The unremarkable yet profound difference between Beijing and Shanghai
I met two old friends and new colleagues for dinner last night in a little place off of Huaihai Lu, the sort of place that they only have in Shanghai, with a deco stained-glass door and superfluous wooden moldings, stuff that’s plausibly old and thus able to obscure the fact that it’s probably new. Dainty menu, but not the sort that holds itself in much regard. This was not, mind you, one of those simulacral French places, though Shanghai does the francolacrum almost as well as McNally-era New York. (I went to one of those for breakfast this morning, a self-proclaimed “maison de qualité”; Handel Lee was at the next table, little French kids were running around unharnessed, and the only outlet was on the ceiling, the better not to disturb the affected buffed wood paneling.)

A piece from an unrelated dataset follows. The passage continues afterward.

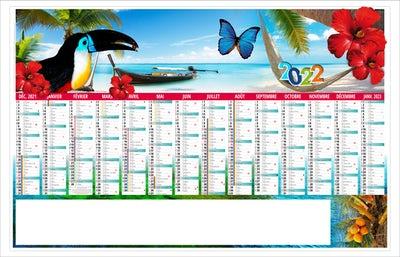 Calendrier Bancaire Maxi.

But back to our little dinner of dry-fried pomfret and tomato soup. They were closing a supplement, so we didn’t sit down until twenty past ten, just as the usual Friday-night crowd began to settle their tabs. We were into duck pancakes when a loud group of five or six middle-aged Chinese intellectuals stumbled through the spring-hinged door and sat itself at the next table. My phone was trying to access a Halloween picture of my improvised Karl Lagerfeld next to a stunning network news reporter in a chador. My editor friends were waiting politely as the little download wheel spun. We moved to Riesling. Their German architectural photographer buddy was on her way over, with the new husband, an industrial-shipping broker. They arrived and the conversation moved to shipbuilding overcapacity, piracy and its effect on fee schedules, a lark to restage their wedding in the German Pavilion come May, and one friend who’s trying to make an art career from the fashion world.
And then, out of nowhere, the six intellectuals start talking about art. They’re drunk and rowdy and impassioned, and I don’t think they’d ordered anything. There’s a woman, and she’s insisting on her creative prerogative in the abstract. There’s a man, telling her she’s too Westernized. They’re batting ideas around, toggling between Shanghainese and Mandarin. Someone throws out the name Zhou Tiehai, calls him a fraud. The woman with the artistic aspirations, thinking we don’t understand or just not caring if we do, starts with the old rhetorical device of ask-the-people-at-the-next-table, who though we are two Chinese faces and a Western one, are enough to represent for her some sort of taste hierarchy that will confirm to the man that she is not exactly like us. The substance of the argument is of course not important here, but the modality, the timbre, the way they sit on some chairs and use others to rest elbows, the way their bodies consume the limited space of a narrow joint on a narrow street with strangers in proximity who can be invoked but never addressed.
And that’s when it occurred to me: Yang Fudong not as fantasia but as mimesis.